Lately I’ve been very interested in personal narrative. The ongoing and constant story we tell ourselves about who we are or aren’t. What we would or would not do, what we like or don’t like, how we feel, and what we can or can’t do. Specifically, I’m fascinated by how this narrative gets in the way of actually being who we are or could be if we were open to the possibilities instead of defined by the limitations. Though there are so many external things that contribute to the personal narrative (gender norms, competition, societal pressures, etc.), I’m focusing here on an aspect that I’ve created or at least fostered.
As I built this site and started putting together pages and uploading my work, I was a little surprised to discover that my personal narrative is full of the things I’m not really. I was having an internal argument about posting my work and how definitive a statement I felt I was making about claiming those titles, simply by putting them out there. I shouldn’t be surprised. I voice it often enough; “Well I do this, but I’m not really a [fill in the blank],” but I don’t think I heard what I’m actually saying. It ticked me off, this realization that I’m still denying my artistic, theatrical life; producer, playwright, director, actor, part of this amazing theatrical community in San Francisco.
I realized that somehow I’d managed to let an old soundtrack inside my head just mumble along and I hadn’t bothered to change it.
When I was in my late teens and early twenties, I had a very definitive idea of what being an artist – actor, writer, director, etc. – meant. Whether it was simply informed by the attitudes of the late 1980s and early 1990s or an immature and inexperienced perspective, for me and most of my peers, you couldn’t call yourself an actor unless you made acting your primary activity. The side job had to be of a significantly minor (and tedious) enough level and one had to be auditioning, acting in things, taking classes, and otherwise living the life we saw portrayed in countless movies of the impoverished working-actor. Dustin Hoffman’s actor in Tootsie was the prime example of who an actor was. My mind was full of the stories of the young Clark Gable or Paul Newman or Tom Cruise or or or or or…
I didn’t fit this criteria. I had a full-time job that paid me well for my age and compared to my friends. I rarely auditioned, and therefore wasn’t cast in anything. I did take classes, but I decided that there was no way I could legitimately call myself an actor. Despite more than a decade involved in theatre and training. I wasn’t really an actor.

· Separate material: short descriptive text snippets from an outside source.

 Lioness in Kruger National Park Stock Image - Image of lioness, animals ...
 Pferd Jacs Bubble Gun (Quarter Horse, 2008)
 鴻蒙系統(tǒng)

I started writing short fiction when I was ten, after reading a short story by Ursula K. Leguin that so transported me, I felt compelled to pick up a pen and start immediately. I wrote with some diligence and frequency for years. Received compliments and encouragement. By my mid-twenties I hadn’t submitted much and hadn’t been published yet. I didn’t meet the criteria. I wasn’t really a writer.
My mother started writing poetry seriously when she was in her early 30s. She wrote nearly a poem a day for years upon years. She hosted poetry readings, and made a name for herself in the San Francisco poetry community. She was (and is) a craftsman at poetry. Knowledgeable about form, precise and fluent in many genres. I would occasionally write a poem, stumbling upon them in the crowded space that my brain occupies. A few lines jotted down in haste. My mother encouraged me and offered guidance. I submitted and had a couple of poems published, received some positive and enthusiastic feedback from a publisher. But, I told myself repeatedly, “I don’t really know what I’m doing. The poems are almost accidental.” I’m not really a poet.

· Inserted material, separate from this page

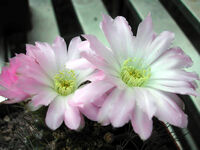 Acanthocalycium spiniflorum1PCJO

I’ve written a handful of plays, had most of them either given a reading or produced, served on the Board of Directors for the Playwrights’ Center of San Francisco, been involved in the Literary Committee for PCSF for almost seven years, and have read, critiqued and seen hundreds of new original works. But until I heard myself thinking it, and got mad at me, I said I’m not really a playwright.
I realize a lot of what I’ve described could be mistaken as simply a self-confidence problem. I really don’t think that’s the issue though. Really, if you simply think you aren’t something, then confidence doesn’t enter into the balance. I’m not judging whether I’m good at these things. Some things I think I’m much better at than others. The point is more that we spend a lot of our life boxing and labeling things, including ourselves. It’s good sometimes, but very prohibitive and limiting a lot of the time. So I decided I was going to rewrite that narrative – after all, I am a writer.
Now if I could just convince my bank account that I’m a millionaire.
How about you? What are you that you tell yourself you aren’t?